Integration in The Development Pipeline
As most web development teams work in an Agile and/or DevOps environment, testing has typically been integrated into the full development process. As a result, it is typically necessary to be able to connect to different tools which will enable tests to run throughout the entire workflow and by different teams.
With coded frameworks, typically custom coding is needed to integrate into existing processes. For automated tests to be truly part of the development lifecycle, it needs to have some integrations with other tools, or include a few basic triggers that can be called via API.
mabl has integrations with several CI/CD platforms, and for non-natively supported platforms, there's an API that you can use to trigger tests and send test results back from.
With TestIM it is unclear. While it has internal tools for running tests on schedules, all information about APIs seems to suggest it is calling external APIs, and not providing triggers. That said, TestIM has an integration with another product, Testrail, which will provide most of the necessary integrations.
TestCraft provides full integrations into CI/CD workflow, with many integrations for the entire development cycle. Integrations include Jenkins, Slack, Zephyr, Jira, Gitlab, and more.

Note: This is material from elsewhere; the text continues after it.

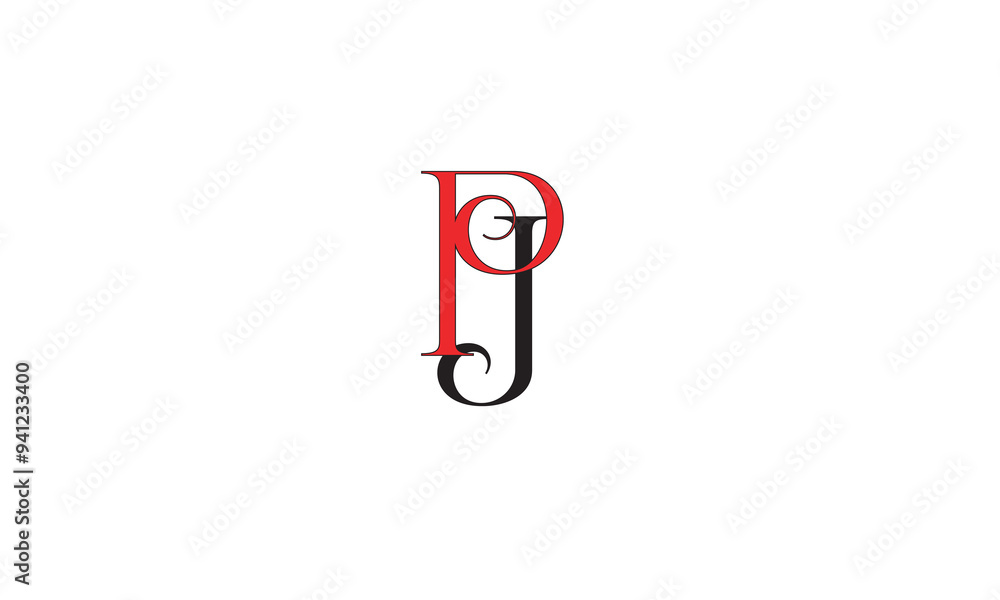 PB, BP, P, B Abstract Letters Logo Monogram PB, BP, P, B Abstract Letters Logo Monogram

EndTest integrates with various DevOps tools, such as Jenkins, Github, Bitbucket, and a few other pipeline tools.
GhostInspector provides integrations with AWS Code Pipeline, Bitbucket, Docker, Gitlab, Jenkins, and many other tools.
While there is still no perfect replacement for the power of fully coded tests, codeless automated testing software has come a long way since the first record-and-playback generation of tools. Many of the complaints about the limitations of these original tools have been addressed, and new changes are occurring regularly.
As seen above in the selections we examined, almost all have addressed some of the basic needs, such as easy assertions, a few basic conditional operators and the ability to integrate with other development pipeline tools. The speed at which software companies have adopted many of the needs for testers gives us reason to be optimistic.